I mean, assuming you’re willing to buy their “ends justify the means” perspective in the first place. As a friend of mine observes, it’s not that surprising that conservative apologists turn a blind eye to the president’s misdeeds: they’ve been defending tinpot right-wing dictators overseas for so long, it’s not hard to reimport those ideas into our country.

The thing about dictatorships is they’re all evil, stupid. And yeah, that appears to be the case. When the government collapses and the opposition takes over, wouldn’t you agree that it’s better for liberal democracy when the one on the way out is the horrible right-wing SCUMFUCK dictator? At least the opposition is inheriting a functional economy, unlike shitty future Cuba.

Hitler

Stalin.

That makes no sense, Larry. Hitler’s regime collapsed after him and Stalin’s did not. You are talking crazy.

That wasn’t meant to be a direct parallel to the above argument. Really, I don’t see how Hitler fits into it at all; his regime didn’t collapse, it was beat the fuck down.

Oooh, oooh, I want to play. Stalin killed more people than Hitler, which we all know means Hitler was an alright kind of guy.

Good riddance, Pinochet, you fucking scumbag.

I think using Cuba as an example of a communist country that fared poorly relative to Chile is unfair.

Communism and dictatorial socialism are disastrous economic and political systems, but Cuba is a special case. It’s a country that was almost wholly reliant on the US and was subsequently cut off entirely from America, and foreign investment there is very limited. Possibly due to the threat of American repatriation of businesses and land seized by the Cuban communists.

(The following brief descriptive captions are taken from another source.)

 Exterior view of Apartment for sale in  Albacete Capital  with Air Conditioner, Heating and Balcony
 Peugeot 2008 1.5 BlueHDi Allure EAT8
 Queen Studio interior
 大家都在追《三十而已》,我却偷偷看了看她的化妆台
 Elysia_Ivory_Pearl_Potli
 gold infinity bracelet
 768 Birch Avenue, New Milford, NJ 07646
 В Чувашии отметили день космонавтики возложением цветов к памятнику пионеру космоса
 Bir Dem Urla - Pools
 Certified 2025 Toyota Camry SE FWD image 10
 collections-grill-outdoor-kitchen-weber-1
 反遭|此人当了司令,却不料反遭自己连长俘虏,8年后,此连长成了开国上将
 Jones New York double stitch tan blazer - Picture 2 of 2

However, compared to say… Poland, Chile is doing fairly well, especially given that it has no European Union around to help it out. Chile has a lower GDP per capita (PPP), but stronger growth and MUCH better employment figures.

And you’d be hard-pressed to find a Pole who would mourn the loss of 10, 20, or 50,000 communist sympathizers in 1946 and a 20-year dictatorship if that’s what it took to keep communism out of the country (though Chile was admittedly not as communist as Poland, Poland was not as bad as the USSR).

The contrast between Cuba and Chile more than 30 years after Mr. Pinochet’s coup is a reminder of a famous essay written by Jeane J. Kirkpatrick, the provocative and energetic scholar and U.S. ambassador to the United Nations who died Thursday. In “Dictatorships and Double Standards,” a work that caught the eye of President Ronald Reagan, Ms. Kirkpatrick argued that right-wing dictators such as Mr. Pinochet were ultimately less malign than communist rulers, in part because their regimes were more likely to pave the way for liberal democracies. She, too, was vilified by the left. Yet by now it should be obvious: She was right.

That’s pretty bad cherry picking. All one has to do is look at the incredible successes of the post-Communist dictatorships of Europe to see the fallacy of this argument. Even comparing within the continent, countries like Slovenia (former socialist dictatorship) are already outstripping the likes of Portugal (former ultra conservative dictatorship) in terms of GDP per capita, and they’ve had twenty years less to overcome the ravages of their dictatorship. The Czech Republic are also just behind and catching up extremely quickly.

I don’t think the former political leanings of a dictatorship have much to do with the post-dictatorship successes of a country. Dictatorships are just plain bad.

If there’s a point to be made about the economic success of villainous dictators, it was already made by Star Trek in the late 60’s.

There is nothing new to add to what that episode has to say, and no disagreement with that it does not address.

I think you’re cherry-picking ideal communist recoveries. Czech and many former Yugoslav republics are doing remarkably well, but others are not. Poland’s a better median choice, one whose wartime devastation is arguably a better starting point to compare a backwards Chile with (as opposed to how Czechoslovakia and Yugoslavia were more or less spared and had solid industrial bases).

I’m not seeing a lot of different between “communist dictatorship” and “fascist dictatorship” when it comes to economic performance, I have to say.